**What to produce**
In the listing that follows, the lines starting at the one containing "Mercedes-Benz GLC-Class 2024 — photo 1" and ending at the one containing "2017 Kia Sportage Lx - Image 4" are to be returned exactly, both boundary lines included, and no others.
::: Exercise inputs :::
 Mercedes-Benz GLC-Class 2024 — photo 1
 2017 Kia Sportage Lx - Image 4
:::
::: Exercise inputs :::
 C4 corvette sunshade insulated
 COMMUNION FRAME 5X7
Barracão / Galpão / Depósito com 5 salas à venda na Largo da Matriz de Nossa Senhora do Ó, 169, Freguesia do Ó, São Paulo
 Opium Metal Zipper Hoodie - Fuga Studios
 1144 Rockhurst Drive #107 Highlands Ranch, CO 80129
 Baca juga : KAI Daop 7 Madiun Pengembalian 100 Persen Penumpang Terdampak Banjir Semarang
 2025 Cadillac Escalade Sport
:::
::: Exercise inputs :::
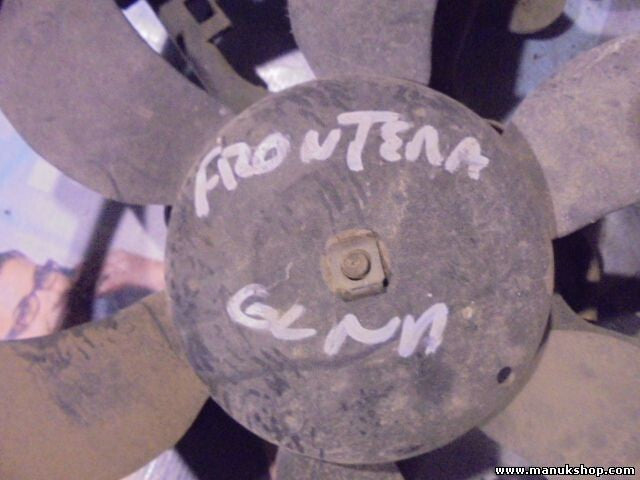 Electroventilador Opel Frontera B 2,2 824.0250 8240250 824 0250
:::
**Answer to the exercise**
 Mercedes-Benz GLC-Class 2024 — photo 1
 2017 Kia Sportage Lx - Image 4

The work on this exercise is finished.